__Assigned task__
When you copy the data that follows, reproduce every word exactly and leave out the images.

***

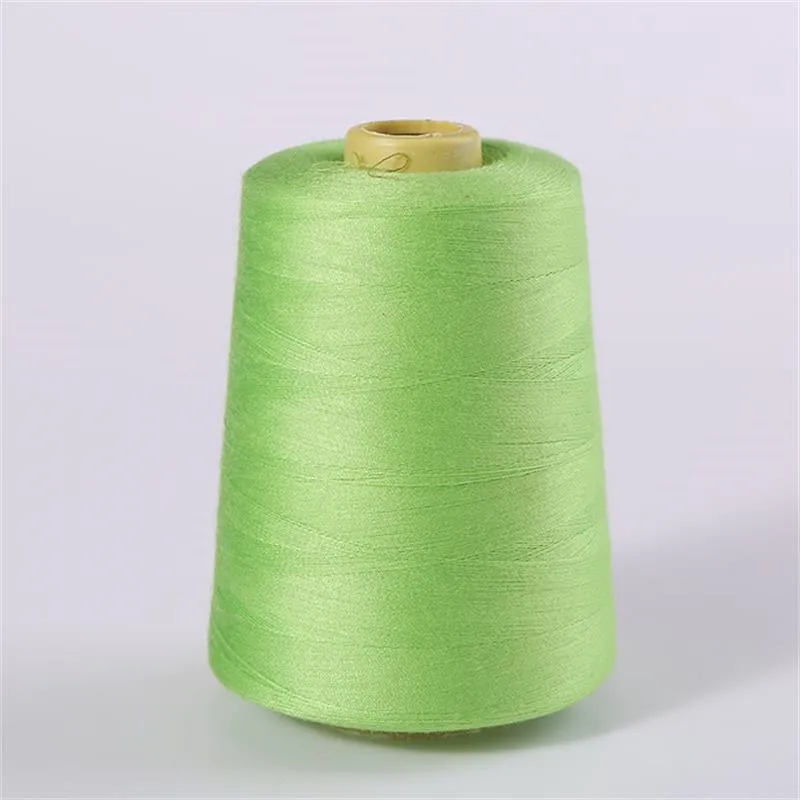 8000 ярдов швейная нить промышленная оверлок швейная машина Полиэстер швейные нитки линия нить для шитья 19 цветов - Цвет: 12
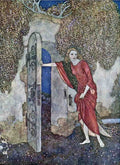 Edmund Dulac 2165 Vintage Illustration A4 Photo Print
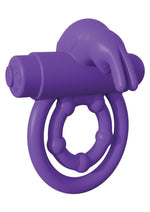 Load image into Gallery viewer, Fantasy C-Ringz Silicone Rabbit Ring Cock Ring with Remote Control
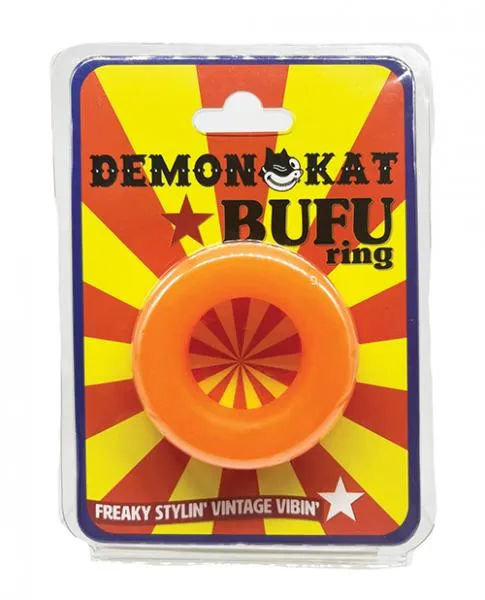 Male Sex Toys Demon Kat Demon Kat Bufu Ring Orange
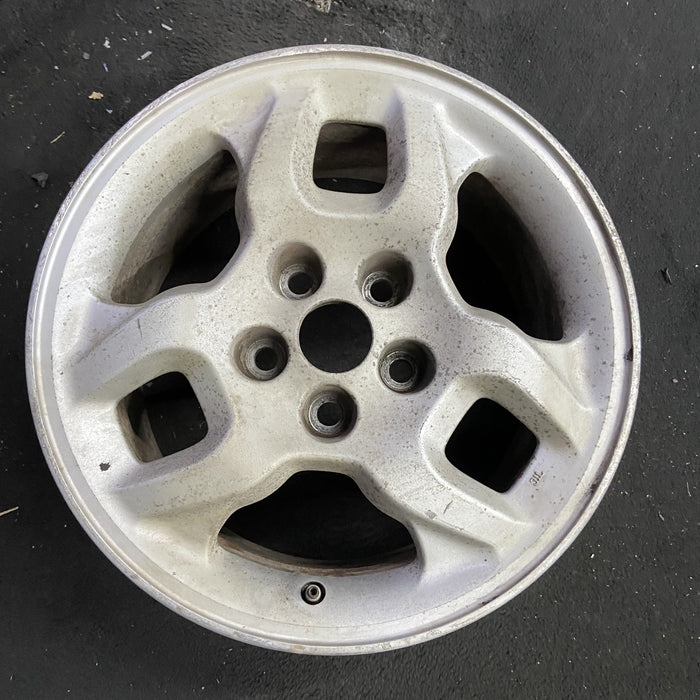 16" 3000GT 97-99 16x8 Original OEM Wheel Rim - Angle View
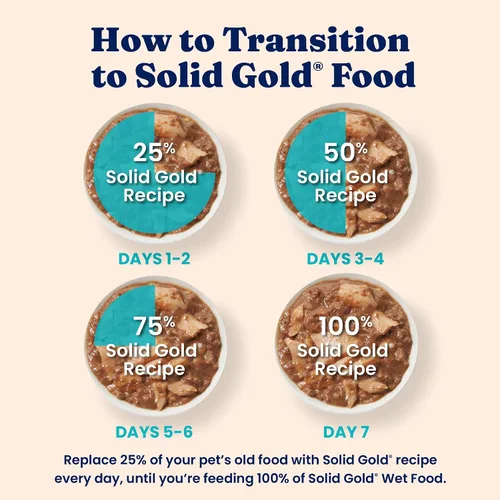 Miniatura 9 de Solid Gold comida húmeda para gatos desmenuzada con salsa - Alimento enlatado para gatos hecho con atún real - Sin granos de los Cinco Océanos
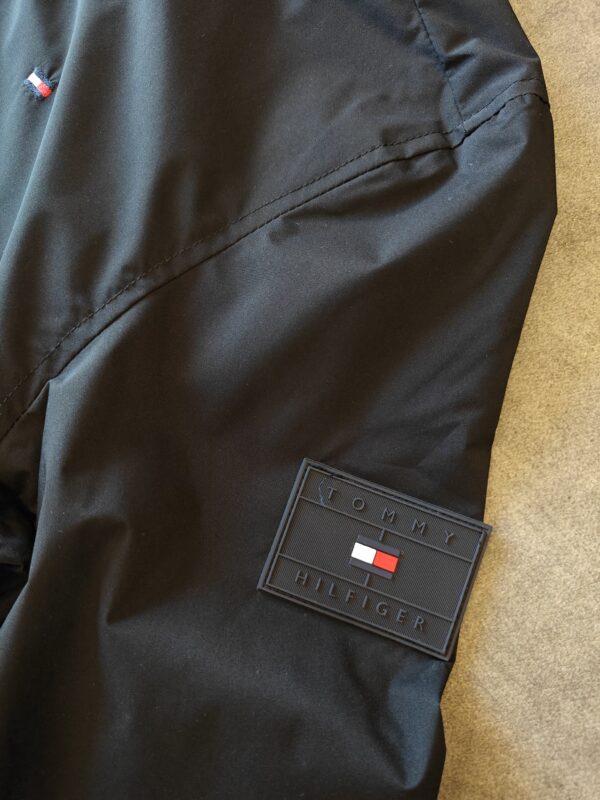 veste double face imperméable Tommy Hilfiger Noir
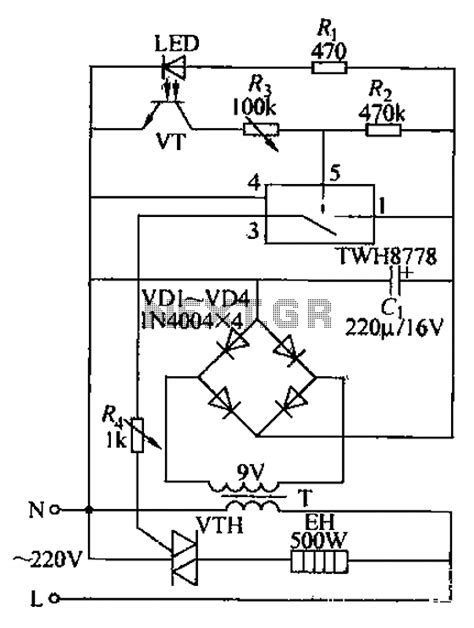 Auto Hand Dryer Circuit At Bethany Mazie Blog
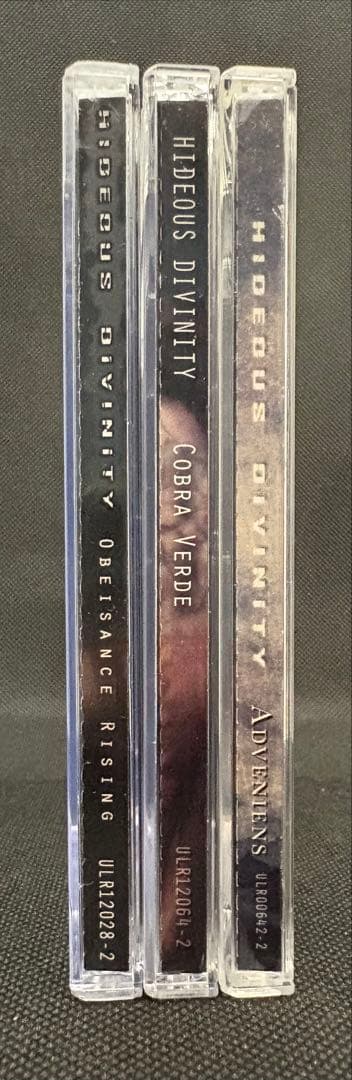 Hideous Divinity 1st 2nd 3rd ブルータル・デスメタル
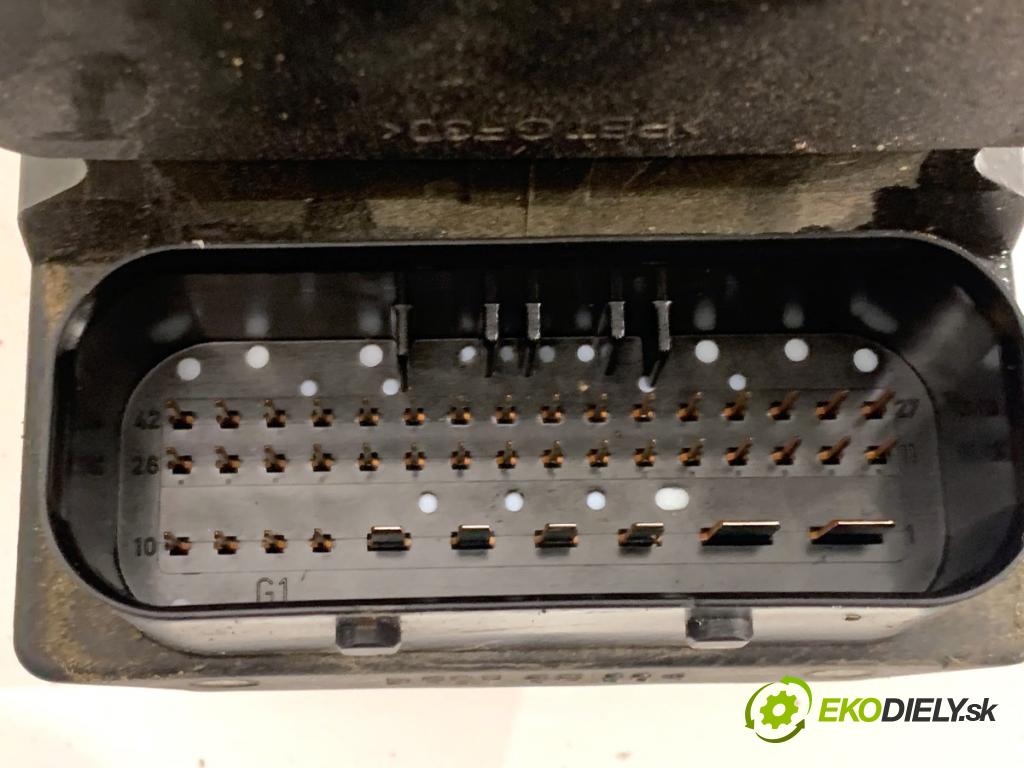 PEUGEOT 307 liftback 2002 80 kW 1.6 16V 1587 Pumpa ABS 0265950074 (Pumpa ABS)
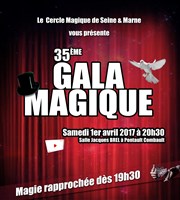 35ème Gala Magique Salle Des Ftes Jacques Brel Affiche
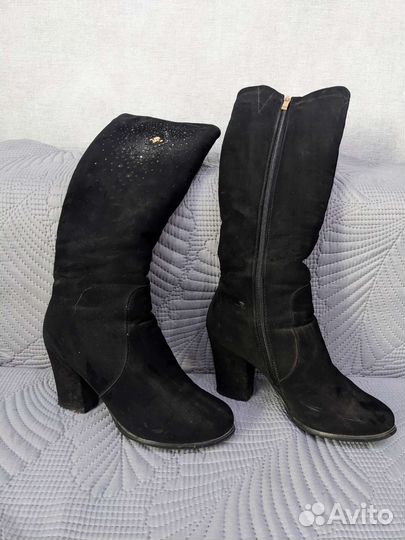Сапоги зимние женские 40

***

__Reply to the task__
 8000 ярдов швейная нить промышленная оверлок швейная машина Полиэстер швейные нитки линия нить для шитья 19 цветов - Цвет: 12
 Edmund Dulac 2165 Vintage Illustration A4 Photo Print
 Load image into Gallery viewer, Fantasy C-Ringz Silicone Rabbit Ring Cock Ring with Remote Control
 Male Sex Toys Demon Kat Demon Kat Bufu Ring Orange
 16" 3000GT 97-99 16x8 Original OEM Wheel Rim - Angle View
 Miniatura 9 de Solid Gold comida húmeda para gatos desmenuzada con salsa - Alimento enlatado para gatos hecho con atún real - Sin granos de los Cinco Océanos
 veste double face imperméable Tommy Hilfiger Noir
 Auto Hand Dryer Circuit At Bethany Mazie Blog
 Hideous Divinity 1st 2nd 3rd ブルータル・デスメタル
 PEUGEOT 307 liftback 2002 80 kW 1.6 16V 1587 Pumpa ABS 0265950074 (Pumpa ABS)
 35ème Gala Magique Salle Des Ftes Jacques Brel Affiche
Сапоги зимние женские 40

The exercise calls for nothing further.